The problem with the feature-comparison techniques is that they have historically relied upon an assumption of "discernable uniqueness."11 When the DNA "model for a scientifically sound identification science" was applied to the traditional identification disciplines, it revealed why there were so many actual innocence exonerations taking place.12 The "assumption of discernible uniqueness" combined with expressions of "bold, definitive conclusions" by forensic scientists lacked "theoretical or empirical foundations."13 "When defendants convicted with the help of forensic evidence from those traditional disciplines began to be exonerated on the basis of persuasive DNA comparisons deeper inquiry into scientific validity began."14

In 2005, Congress directed the U.S. Attorney General to provide funds for the National Academy of Sciences (The Academy) to assess and make recommendations for the future of forensic sciences.15 In 2009, the Academy issued its report, "Strengthening Forensic Science in the United States: A Path Forward" (the NAS Report).16 In addition to providing a broad overview of forensics in general, the NAS report also looked at several specific forensic disciplines and provided a critique of their "reliability and precision of results-attributes that factor into probative value and admissibility decisions."17 Although the committee discussed a wide range of forensic disciplines, the most serious criticisms were leveled at the traditional feature-comparison disciplines. Among its many damning conclusions was that other than DNA, "no forensic method has been rigorously shown to have the capacity to consistently, and with a high degree of certainty, demonstrate a connection between evidence and a specific individual or source."18

Following the NAS report, the President's Counsel of Advisors on Science and Technology (PCAST)19 was asked to address the problems revealed in that report and to determine how to "help ensure the validity of forensic evidence used in the Nation's legal system."20 In 2016, the PCAST issued what amounts to a follow-up report to the NAS Report, "Forensic Science in Criminal Courts: Ensuring Scientific Validity of Feature-Comparison Methods." That report confirms the problems with many of the forensic disciplines that were exposed by the Academy in the NAS Report.

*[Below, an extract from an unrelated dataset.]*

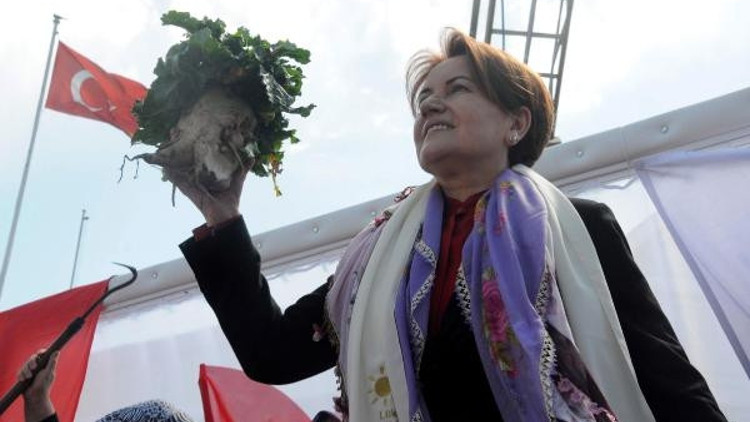 Akşener: Özelleştirilen şeker fabrikalarını üreticilere vereceğiz Akşener: Özelleştirilen şeker fabrikalarını üreticilere vereceğiz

More importantly, the PCAST Report clarified the appropriate standards for the validity and reliability of forensic feature comparison methods. It then went on to apply those standards in an evaluation of the validity and reliability of several specific forensic disciplines in widespread use today. This established a benchmark for the state of the disciplines addressed in that report as of the time of the report. By outlining the proper standards and how to apply them, the report provides a simple roadmap for continuing evaluations on a case-by-case basis.

This is important because forensics is not static. Each discipline must undergo continuing scrutiny to evaluate its reliability in the context of the best available information and knowledge at the time of its proposed use. Disciplines that lack validity today might improve over time and become able to produce reliable evidence later. Conversely, others may eventually reveal themselves to simply be "junk science."